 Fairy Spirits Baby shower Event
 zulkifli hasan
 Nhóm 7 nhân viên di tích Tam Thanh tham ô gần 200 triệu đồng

--

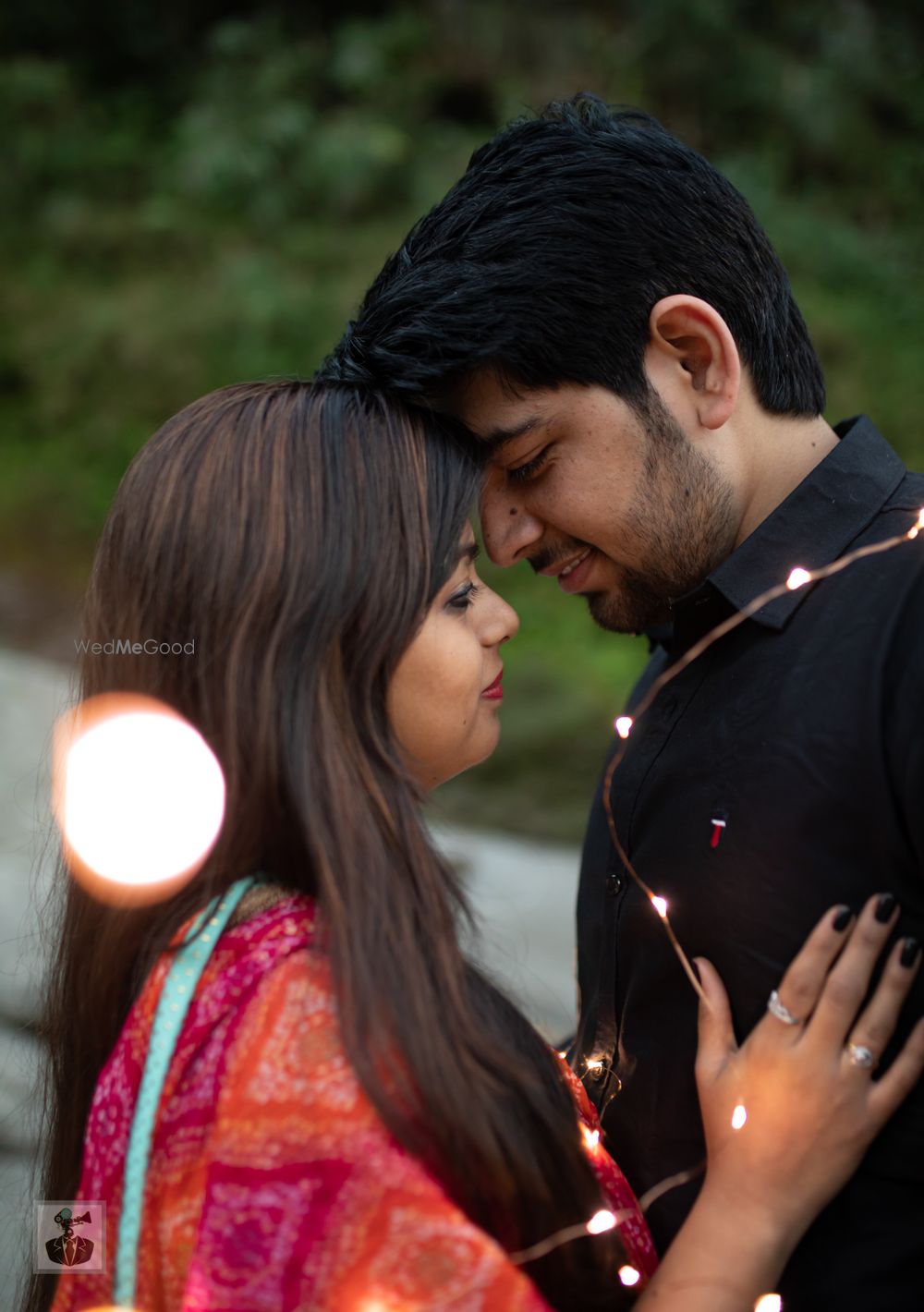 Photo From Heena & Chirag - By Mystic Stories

--

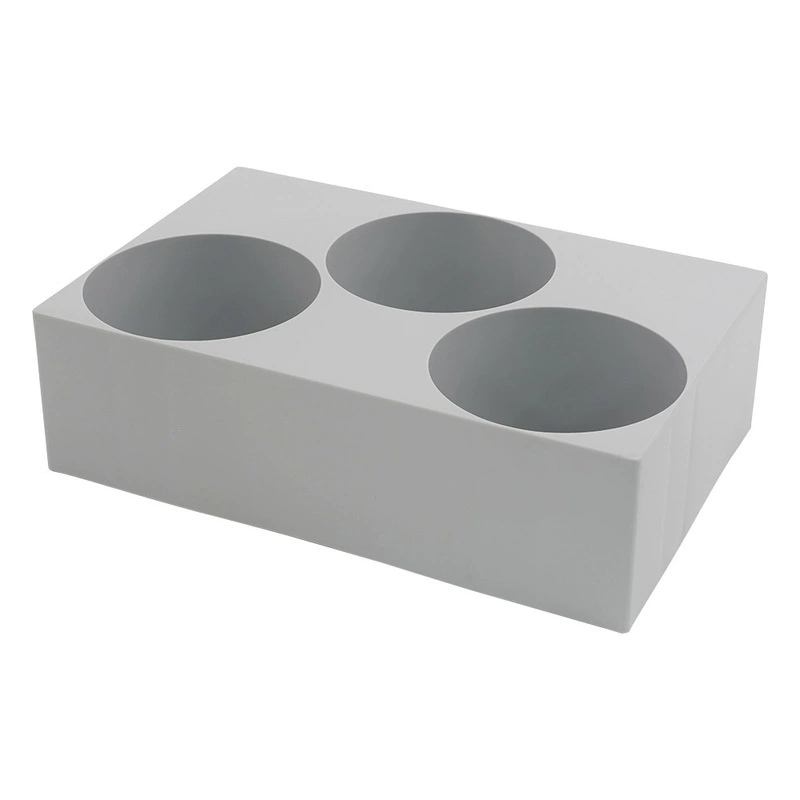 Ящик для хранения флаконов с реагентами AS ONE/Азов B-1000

--

- TASK INSTRUCTIONS: Proceeding from the line containing "zulkifli hasan" through the line containing "Nhóm 7 nhân", transcribe the lines above exactly, both end lines included.

- YOUR RESPONSE:
 zulkifli hasan
 Nhóm 7 nhân viên di tích Tam Thanh tham ô gần 200 triệu đồng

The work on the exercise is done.